Do you just take a racer and stick on some thicker tires with tread and go off-road?
Wouldn't this just ruin the forks?
Probably a stupid questions that everyone asks but im just curious, an explanation would be much appreciated :)
10-10-05, 07:52 AM
Cyclocross bikes USED to be just a road bike with knobbies on.
Then road bikes started getting built with a lot tighter geometry in the late 70's and early 80's. By the 90's you couldn't fit a knobbie CX tire into anything but a Bridgestone. Then none at all.
So you now need a CX bike and fork which are built with about the same clearance as a 1975 Peugeot but the steering geometry of a 2005 Raleigh Team road bike.

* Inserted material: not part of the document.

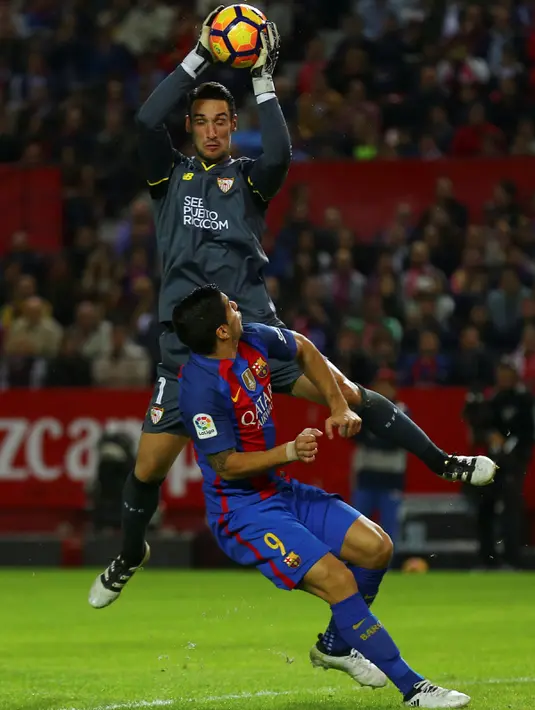 Penyerang Barcelona, Luis Suarez  berusaha merebut bola dari kiper Sevilla, Sergio Rico pada lanjutan La Liga spanyol di Stadion Sanchez Pizjuan,  Spanyol, (7/11). Barcelona menang atas Sevilla 2-1. (REUTERS/ Marcelo del Pozo)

Off-road shocks from striking potholes and the like are no worse than on-road shocks from hitting pot holes and the like. What's more, the fatter tires cushion the wheels somewhat and you actually get a softer ride.
10-10-05, 01:08 PM
Most new road frames won't even come close to clearing a fat 'cross tire that you'd want for a comfortable ride (there are narrow tubeless cyclocross tires that probably would fit). Also they lack the cantilever bosses on the frame and fork for mounting cantilever brakes or v-brakes. You need these off-road brakes with enough clearance to keep from getting clogged with mud. You could have these brazed onto a steel frame but often the chain stays are to narrow to properly mount a rear brake. So you're left with two options- Use an older road or touring frame (like the '75 Peugot mentioned) possibly with canti bosses added or use a modern 'cross frame. In my opinion the differences, beyond weight, are minor but there are some. Cyclocross frames tend to have slightly higher bottom brackets and so on. Really the main difference between a road and 'cross bike is in the tires. The fatter tires make for a much nicer ride.